Ellie, Bernie Sanders wants you to stop putting your fingers in Daddy's belly button...
Will you at least stop for Tom Hanks?
Didn't want to go here...Make her stop, basketball player from the Geico commercial!!!

In all seriousness, I feel like this week has been super frustrating for me.  Ellie's afternoons have not been good at all.  I'm not sure if it's her not napping well enough or what, but afternoons in the Holt household have been filled with the sound of Ellie's screams (not to mention the muffled sounds of me screaming into a pillow).  I even had to send her to her crib for a time out session for my mental health one day.  I think it's been hard at times because I feel like I actually see the worst of Ellie during the days and then she's perfectly happy when Bethany gets home in the evening.  Of course, by that point, I'm already sad, exhausted, and kind of grouchy from the events of my afternoon.  

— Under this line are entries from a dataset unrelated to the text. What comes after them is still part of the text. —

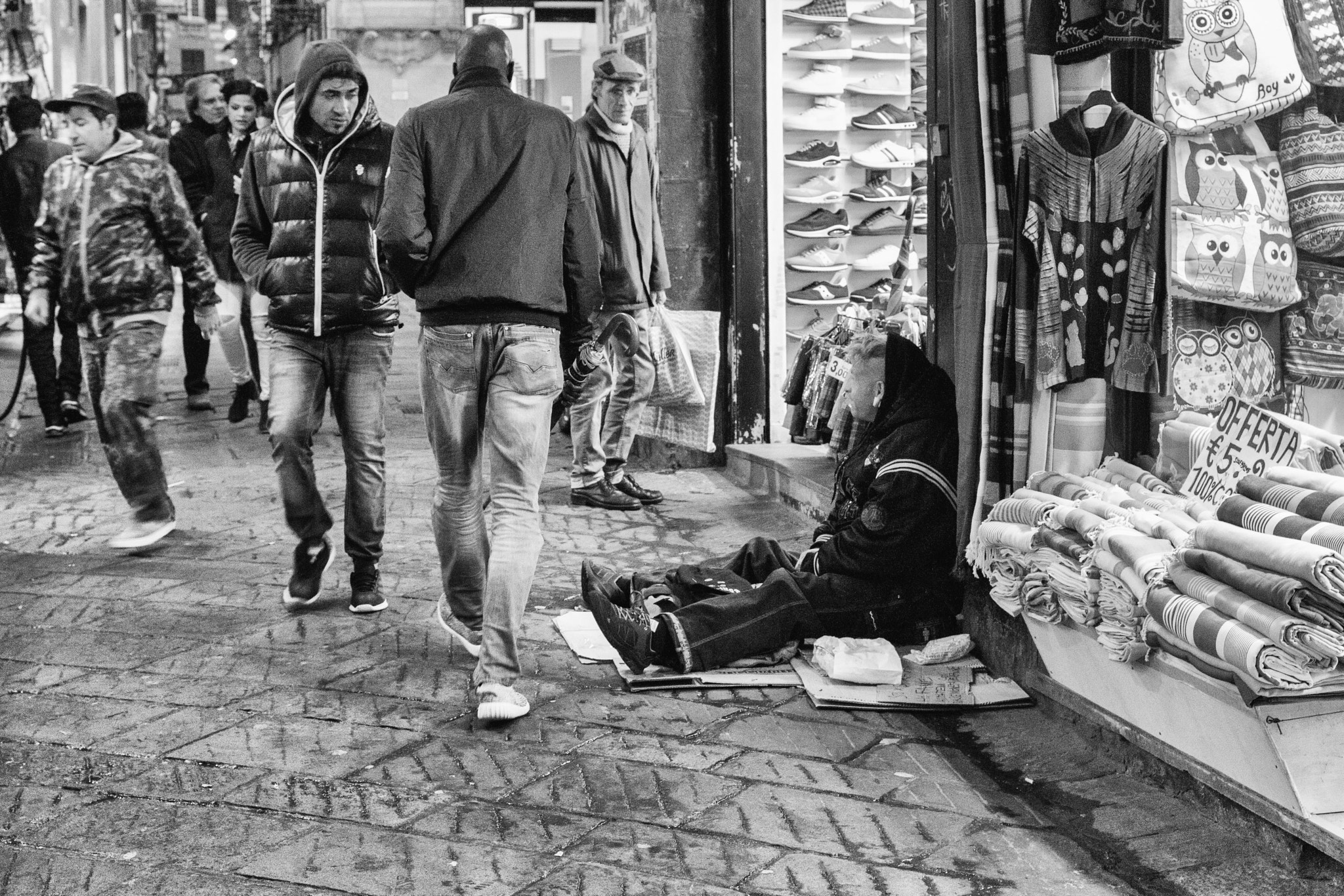 Canon EF 40mm F2.8 STM sample photo. Charity in the alley photography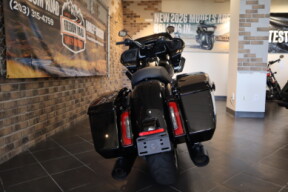 2025 Road Glide™ (FLTRX) thumb 3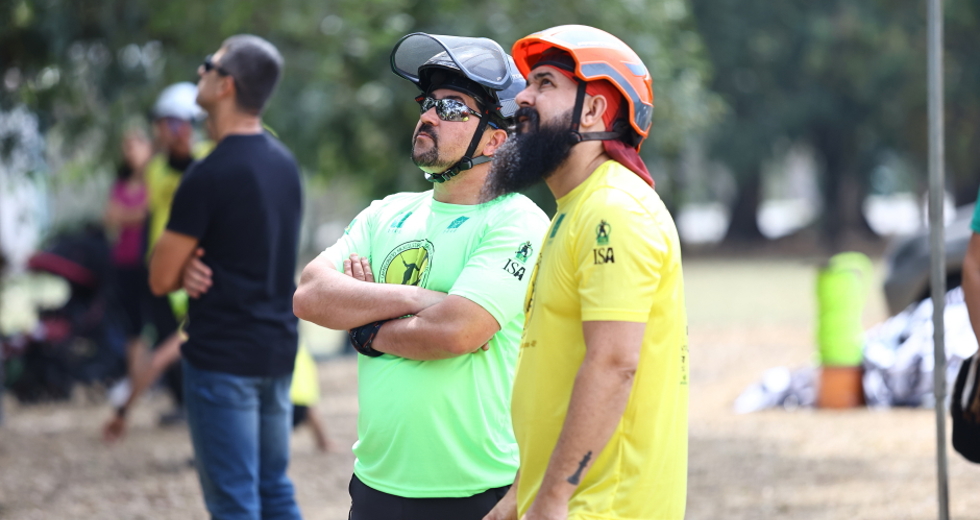 Campeonato brasileiro de escalada de árvores dentro da programação do CBAU 2025. Foto: Claudio Vieira/PMSJC 19-09-2025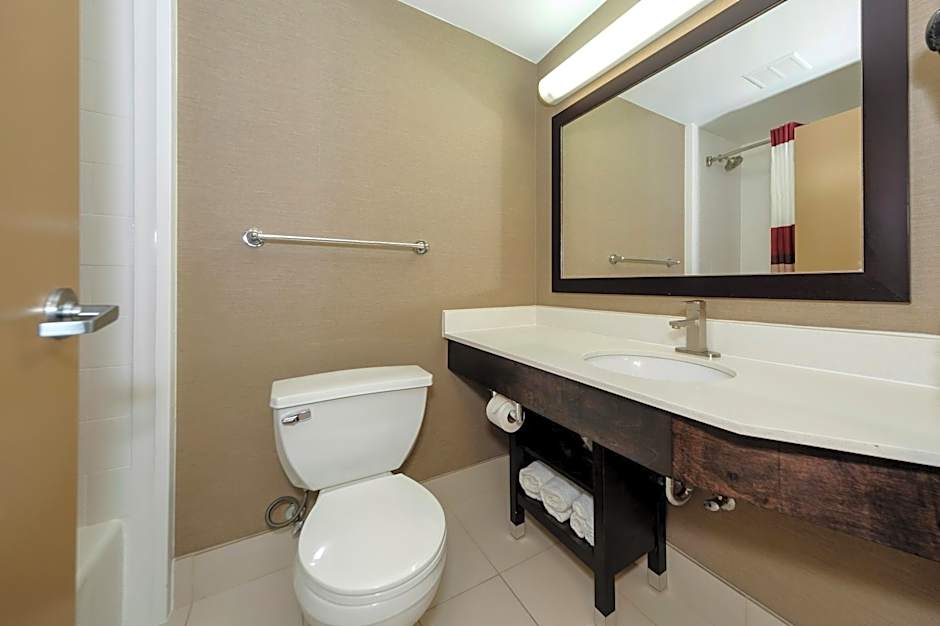 Red Roof Inn & Suites Newburgh - Stewart Airport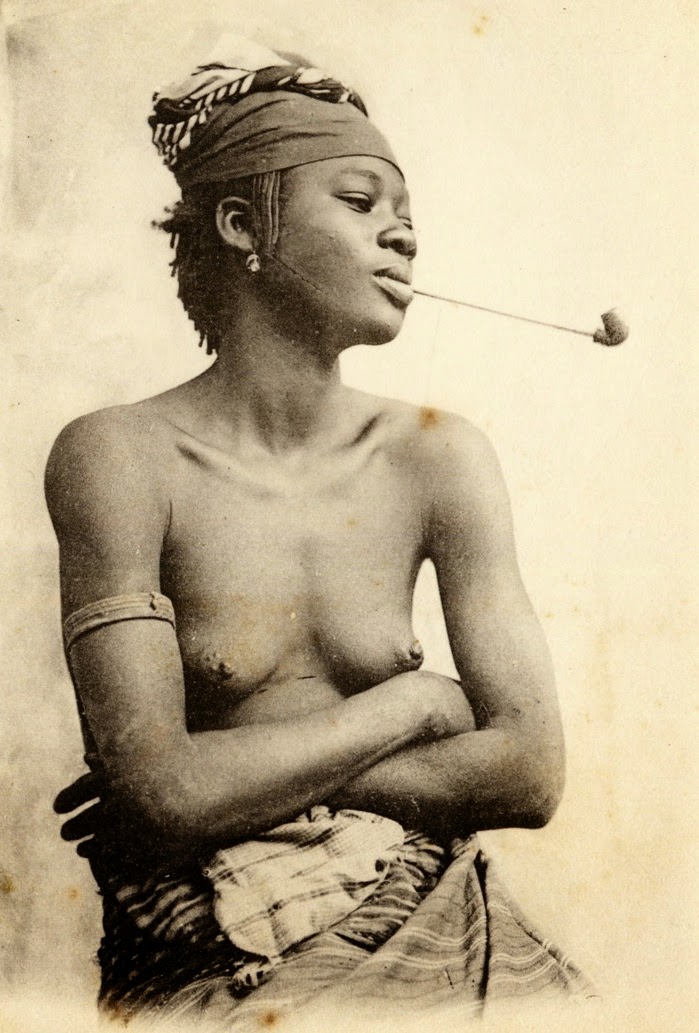 Femme de Saint-Louis, Dakar, Senegal, by Fortier.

I totally feel convicted that I need to find a way to channel those emotions into something positive.  I know that how I respond right now to trials and tribulations with Ellie will really set a standard for how I do so throughout her life.  One of my biggest fears is for her to grow up thinking that her daddy is an angry person.  I know for a fact that I do have a temper at times and it's up to me to learn how to handle that more effectively.  Otherwise, Ellie might grow up thinking it's acceptable for her to get mad whenever  things aren't going her way.  I don't want to see her turn into that kind of person at all.  Otherwise she might not have friends.  No one wants to be friends with THAT person.  #DaddyWrite

Oh yeah, block that 'G' Dikembe Mutombo.